The Occupy Wall Street protests continue on without an end in sight, and things heated up today around the Brooklyn Bridge. The protesters marched down the vehicle portion of the bridge, completely stopping traffic in the lanes. The NYPD responded quickly, blockading both sides and making nearly 400700 arrests, out of a total 1500 marchers. Paddy wagons as well as MTA buses were used to ferry away the arrestees, and those arrested include a New York Times contributing reporter and, according to one tipster, another Columbia student. At one point, almost 19,000 people were viewing the action via this streaming video.

If you still don’t really know what this is, Slate has put together a handy video recapping the events thus far:

Update, 3:00 pm: We just spoke to a Columbia student who was at the protest on the Brooklyn Bridge and nearly arrested yesterday. Her friend, also a Columbia student, was arrested yesterday and released early this morning. We’ve edited her account for clarity and to maintain her anonymity, and it appears below.

My friend and I arrived at the march on Wall Street around 3 pm. We originally entered the pedestrian side of the Brooklyn Bridge. As such, we saw that the first people leading the protest were in fact the police. They were the ones leading the protestors onto the bridge. By this point the car lanes were still running. Then as more of the march entered the bridge, cops started setting up cones to divide the car lanes from the pedestrians. Since there was more space for people on the car lanes (once again, the cops had divided the cars from the people themselves by putting orange cones along the lines) the protestors started calling out to those on the pedestrian side to hop over and walk with them. Many people were crossing over, so we joined too. It was loud and crazy.

I don’t know when it happened, but all of sudden I saw there were no more cars with us on the bridge. People kept on marching. When we got to the middle of the bridge, we were all suddenly stopped. We were told that the police were preventing us from going to Brooklyn, but to stay put. The protestors kept on saying to remain calm and to not push. They would tell us to sit down so no one could get trampled if people started to push. But we felt more and more crammed. By this point, people had already tried to start going back to Manhattan (though some people in the crowd were preventing them from doing so worried it would cause a stampede and lead to trampling—we were that crammed!)

Other people had begun to climb the rails from the car lane side of the bridge to up to the pedestrian side, but we thought that would be too dangerous, and we were already too far away from the pedestrian side. Then people began to yell, “Let us go,” but there was no movement. I would say we were held in that situation for about an hour or more. Protestors were trying to communicate to the police, the police were not saying anything, and we were just being left on the bridge.

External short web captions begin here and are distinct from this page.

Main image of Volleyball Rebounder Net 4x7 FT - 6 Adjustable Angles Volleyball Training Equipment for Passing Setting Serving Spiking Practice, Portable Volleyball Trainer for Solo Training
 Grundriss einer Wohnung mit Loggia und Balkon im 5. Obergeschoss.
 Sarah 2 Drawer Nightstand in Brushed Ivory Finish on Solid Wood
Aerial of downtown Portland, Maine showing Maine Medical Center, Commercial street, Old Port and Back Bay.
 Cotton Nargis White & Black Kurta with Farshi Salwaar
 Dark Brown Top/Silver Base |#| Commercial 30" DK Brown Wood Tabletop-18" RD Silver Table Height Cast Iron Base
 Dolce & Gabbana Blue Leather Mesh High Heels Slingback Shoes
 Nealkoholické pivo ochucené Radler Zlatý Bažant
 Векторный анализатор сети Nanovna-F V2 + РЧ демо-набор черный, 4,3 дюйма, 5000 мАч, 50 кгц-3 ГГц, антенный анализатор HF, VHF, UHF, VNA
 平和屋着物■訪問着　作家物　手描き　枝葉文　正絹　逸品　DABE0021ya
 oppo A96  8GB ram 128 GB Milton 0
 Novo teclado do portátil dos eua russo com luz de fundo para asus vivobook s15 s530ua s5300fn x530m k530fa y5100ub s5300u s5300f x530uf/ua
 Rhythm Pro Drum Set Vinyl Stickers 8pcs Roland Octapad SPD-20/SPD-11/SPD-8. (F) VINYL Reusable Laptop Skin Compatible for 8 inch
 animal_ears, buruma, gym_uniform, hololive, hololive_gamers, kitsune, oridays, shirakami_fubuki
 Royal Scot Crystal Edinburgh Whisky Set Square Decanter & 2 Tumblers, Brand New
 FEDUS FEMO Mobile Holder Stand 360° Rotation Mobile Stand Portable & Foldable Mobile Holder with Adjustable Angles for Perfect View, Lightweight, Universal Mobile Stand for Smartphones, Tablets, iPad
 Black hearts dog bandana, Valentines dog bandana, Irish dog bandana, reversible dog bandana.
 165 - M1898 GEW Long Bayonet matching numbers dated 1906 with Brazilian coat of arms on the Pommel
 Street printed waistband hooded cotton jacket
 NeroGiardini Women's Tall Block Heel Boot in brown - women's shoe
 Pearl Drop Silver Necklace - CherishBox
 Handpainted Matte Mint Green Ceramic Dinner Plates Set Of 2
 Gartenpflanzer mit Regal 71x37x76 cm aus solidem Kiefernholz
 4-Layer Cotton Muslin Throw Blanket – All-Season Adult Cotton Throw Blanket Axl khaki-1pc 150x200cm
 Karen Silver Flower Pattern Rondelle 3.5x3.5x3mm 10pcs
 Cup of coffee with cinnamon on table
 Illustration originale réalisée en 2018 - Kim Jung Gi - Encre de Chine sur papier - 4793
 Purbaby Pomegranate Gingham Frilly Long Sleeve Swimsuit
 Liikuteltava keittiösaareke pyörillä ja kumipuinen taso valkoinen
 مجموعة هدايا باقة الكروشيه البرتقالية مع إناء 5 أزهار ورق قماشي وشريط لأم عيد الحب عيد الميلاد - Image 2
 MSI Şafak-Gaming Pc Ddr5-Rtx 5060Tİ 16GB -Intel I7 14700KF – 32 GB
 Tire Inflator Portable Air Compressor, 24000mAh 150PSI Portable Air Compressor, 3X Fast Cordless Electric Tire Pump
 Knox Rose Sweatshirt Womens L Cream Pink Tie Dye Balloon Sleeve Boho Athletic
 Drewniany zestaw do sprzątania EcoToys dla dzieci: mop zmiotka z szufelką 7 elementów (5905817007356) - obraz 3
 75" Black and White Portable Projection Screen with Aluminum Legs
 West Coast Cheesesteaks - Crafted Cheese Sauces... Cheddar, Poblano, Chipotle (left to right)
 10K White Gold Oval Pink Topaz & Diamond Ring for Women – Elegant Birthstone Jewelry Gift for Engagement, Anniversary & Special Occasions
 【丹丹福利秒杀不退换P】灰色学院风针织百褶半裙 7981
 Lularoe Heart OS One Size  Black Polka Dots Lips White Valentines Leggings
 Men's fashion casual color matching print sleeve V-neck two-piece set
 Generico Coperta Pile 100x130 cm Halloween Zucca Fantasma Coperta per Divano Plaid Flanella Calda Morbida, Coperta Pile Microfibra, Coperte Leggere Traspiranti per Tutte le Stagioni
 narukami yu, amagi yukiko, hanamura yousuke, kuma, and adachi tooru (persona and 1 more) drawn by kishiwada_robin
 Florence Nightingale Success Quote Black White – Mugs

Then we began to hear that they were conducting arrests, but we thought it was ridiculous that they could arrest the entire march. (I later found out on the subway ride back that the police had divided the protestors already on the bridge from those still trying to get on the bridge). So we thought they might arrest the most important people at the front and then let the others go. Then people started to say they saw giant buses that said “Police” arriving on either side of the bridge. The police kept on corraling us, while people chanted, “We cannot breathe” and “We are suffocating.”

When the buses arrived, some people began voluntarily moving toward them, to let others have breathing space. Throughout this whole time we, were could not believe the police were doing this to us—there were 40-year-old dads, moms, teachers, and even kids that were only 7 and 10 years old in that crowd. My friend and I kept on trying to go back towards Manhattan because we had just heard there were arrests on the Brooklyn side, and still had not realized that there were also police buses on the Manhattan side. When we got to the Manhattan entrance, we saw that the police were dividing the protestors by gender and arresting about five at a time. They put plastic cuffs on each protester and sent them to the buses. Slowly but surely, they were arresting everybody.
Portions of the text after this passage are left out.